The drawings in the book come in all mediums: pencil, ink, charcoal, watercolor, pastel, collage, and cutout.

Elderfield begins with Georges Seurat's 1881 rendering of a stone breaker. This picture is in the mood of Millet and Courbet, with its laboring figure in the foreground, but Seurat's treatment of plane foreshadows the style we now call modern.

Elderfield concludes with a 1977 Jasper Johns drawing done, in modern enough fashion, on a plastic sheet.

Among the many interesting works in between is a van Gogh drawing with a brush, reed pen, and ink of 1888. Mr. Elderfield's description of this drawing helped me understand van Gogh's style better, and provided a key to a lot of the other works, too.

''By virtue of this reduction to line,'' he explains, ''the symbolic component of drawing achieves extraordinary prominence. The street at Saintes-Maries, near Arles, is not so much described as summarized. A sequence of discrete graphic devices - parallel strokes, dots, dash-es, curves and so on, all of a varying size, density, and interval - symbolize the separately identified parts of the scene. This is a coded abstraction of nature.''

To overstretch and oversimplify, one could say that the ''modern'' artist has invented a new hieroglyphics for us, seen in the power of cartoons to communicate ideas or of a Picasso doodle to capture new vistas.

The book shows us a Matisse of 1905, in which the master was interested in a portrait likeness but achieved it with an openness and variety of line similar to that recorded in Mr. Enderfield's description of the van Gogh.

Further on, we see Robert Delaunay's 1911 pen and ink of the Eiffel Tower, fragmented into dynamic forms played against the rooftops of Paris.
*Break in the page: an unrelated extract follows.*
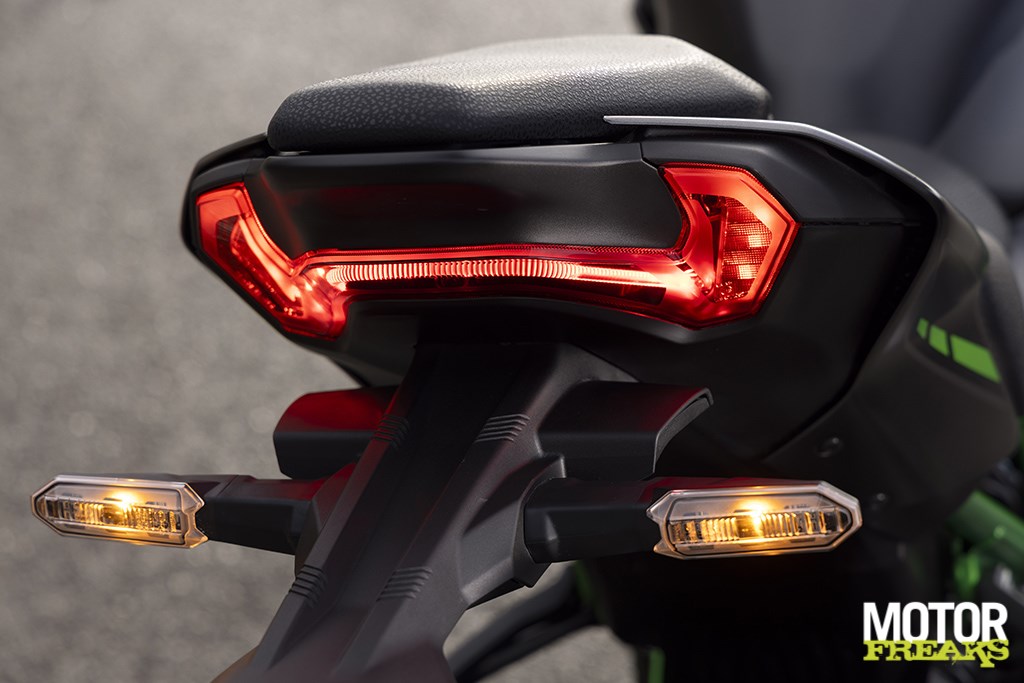 kawasaki_my25_z900_37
Here again, simple lines create what he wanted us to see and allow us to enjoy the multiple views he found interesting.

While the old masters worked with sculptural form and depicted objects, the modern artists shifted their interest to the picture plane itself and gave the line freedom to take off on its own.

I think it was Paul Klee who said that a line is a dot taking a walk. Certainly the line is the basic element of drawing. Lines - grouped, cross-hatched, loosely scribbled, brought to a halt in stipple - are all beautifully employed in Picasso's 1911 Standing Nude in pen and ink.

A few pages farther, we come a 1916 pen and ink with charcoal in which Lyonel Feininger sticks to a consistent crosshatch to express the planes - simple means for a Cubist-like picture.

The changing ideas about drawing and picturemaking brought along with them a kind of humility, too. Artists became fascinated with the pictures all around them in newspapers and magazines, the glut of cheap reproductions. They started to incorporate these into their pictures and, in doing so, introduced the line to the collage.

In 1922 Kurt Schwitters put together a collage called Santa Claus. He was turning old materials he had collected into a new art, restructuring the scraps of the past.

Another expression of complexity is seen in the work of Jean Dubuffet. It seems a long way from van Gogh's dots, dashes, and curves to the Dubuffet drawing of 1950 we see here. In a series called Corps de Dame, Dubuffet was interested in playfulness, ornamentality, childlike picturemaking, even in graffiti and handwriting. At least these were the kinds of things behind this complex drawing, with its element of the grotesque.

Near the end of the book, we come to a 1960 Claes Oldenburg work. Looking at it, I began to appreciate the production quality of this book. Kudos should go to production manager Tim McDonough. Many of these works are in color, but the simplest black and white one has been carefully reproduced to show even the tint of the paper.

This collection of drawings gives us a record of adventures with the line and the dot. It testifies to the acceptance of drawings as independent works of art, and to the idea of art as play.

If you're not sure you like drawing, or if you just want to appreciate it more fully, choose a favorite drawing and copy it - one from this book or from a favorite artist. Van Gogh copied Millet and other artists, including a popular Punch illustrator of the day. Just use a soft pencil and forget that you can't draw a straight line. You don't have to show the results to anyone. Don't even look too long at the results yourself! Just enjoy. It's the experience of doing it that makes us take a really good look. And the more we look, the better we see.